As the fallout continues for LSU and how it has handled sexual misconduct cases, more details emerged Tuesday.

Here's a rundown of the latest updates.


LSU under second federal probe as sexual misconduct allegations mount

The feds have added a second probe into LSU focusing on sexual assault and harassment, two months after the U.S. Department of Education launched an investigation into how LSU reports and investigates crimes on campus.

LSU spokesman Ernie Ballard confirmed Tuesday that the university has received "notice from the Department of Education, office of Civil Rights, of an investigation into Title IX compliance."

LSU has faced a groundswell of students who say the Title IX office failed to properly investigate or act on their complaints of sexual misconduct, domestic violence and more.
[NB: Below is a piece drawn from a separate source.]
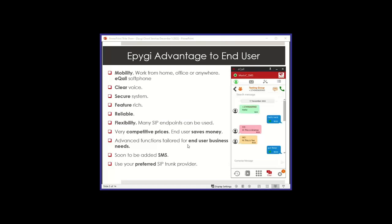Advantages to the end user. Most of these are going to be the same as what you have as a channel. Mobility is something very important for end users nowadays, especially in the SMB space. Work from home, office, or anywhere, we have functionality that allows you to be very mobile, including the e-call soft phone. Clear voice. Our voice is very clear, well polished. You can use different codecs if you like or stick to G711, which is what most people are doing nowadays. We also have Opus, which came in recently. As long as you have good packet delivery from point A to point B, you're going to get very good clear voice. Secure system.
Those complaints were the subject of LSU's recent report from the law firm Husch Blackwell, which looked into how LSU had handled past cases.


Ed Orgeron details 2017 phone call with man about Derrius Guice allegations in testimony letter

Several letters from top LSU leaders were made public, including one from head football coach Ed Orgeron that was sent to the Senate Select Committee on Women and Children.

In the letter, Orgeron told the committee that he spoke on the phone in December 2017 with an unidentified man who told him a woman, who had been "disrespected" by former star running back Derrius Guice, wanted Guice to be barred from playing in the upcoming Citrus Bowl.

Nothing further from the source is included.